Proving, once again... 
Reading is fundamental. 
Sorry, guess the eye to brain link was on the fritz. 
Have not seen any previous posts about a bad lot of scrubbies. 
At a little over $30 invested, I wouldn`t hesitate to start swapping them out.


----------



## Morwell (Feb 13, 2009)

I've been thinking about switiching to bioballs. If I do, what would be the recommended way of doing so? Removing say, 1/4 of the scrubbies weekly and replacing them with the bioballs until they are are gone? Or do you think I could do it in less time?
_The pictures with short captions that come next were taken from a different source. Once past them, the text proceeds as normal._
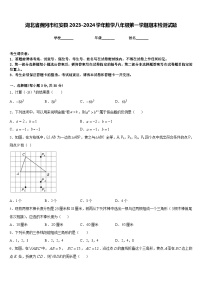 湖北省黄冈市红安县2023-2024学年数学八年级第一学期期末检测试题含答案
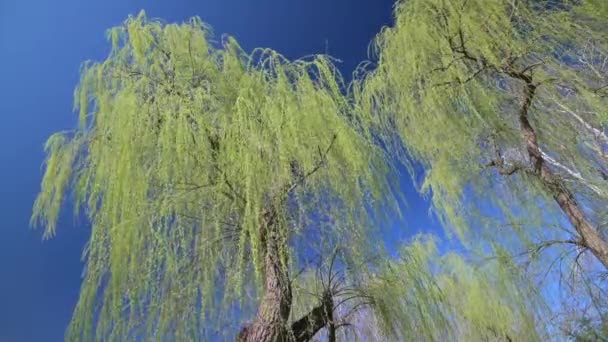 Green willow trees with small fresh leaves at early spring time — Stock Video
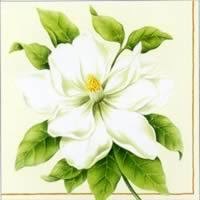 Botanic Magnolia, 25 x 25cm (66b)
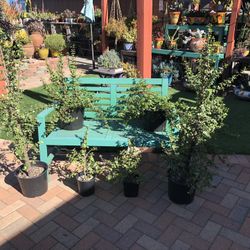 Portulacaria Afra ELEPHANT BUSH Succulent Plants 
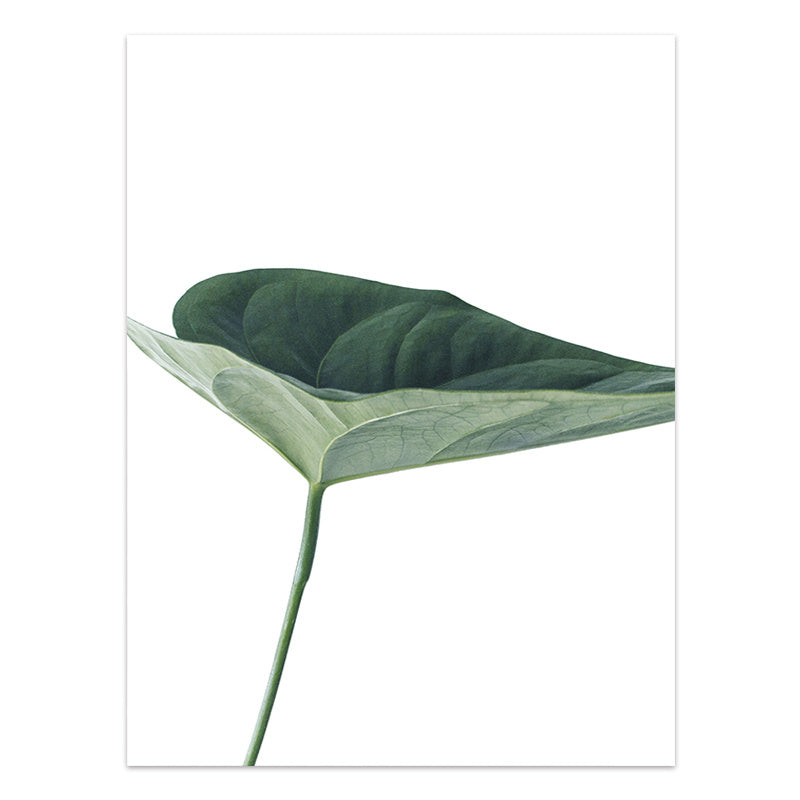 JC-250104PNT-013  Nordic Style Tropical Plants Poster Green Leaves Canvas Print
Anyway, the other day I took my whole wet dry apart and cleaned everything very well- including the scrubbies. They were washed in water drawn from the tank. The smell went away slightly. It's not as potent as it was. Though they were not really gunky at all since I have quite a large prefilter.


----------



## Mcdaphnia (Dec 16, 2003)

I don't think I'd wait to remove any of the scrubbies. I would take them all out. If they have a plastic smell, they are not going to be useful as biosubstrate and probably have very little colonization going on. Nothing to gain by leaving them in, and lots to suggest giving them the bum's rush ASAP.


----------



## BinaryWhisper (May 5, 2006)

Mcdaphnia said:


> I don't think I'd wait to remove any of the scrubbies. I would take them all out. If they have a plastic smell, they are not going to be useful as biosubstrate and probably have very little colonization going on. Nothing to gain by leaving them in, and lots to suggest giving them the bum's rush ASAP.


agreed


----------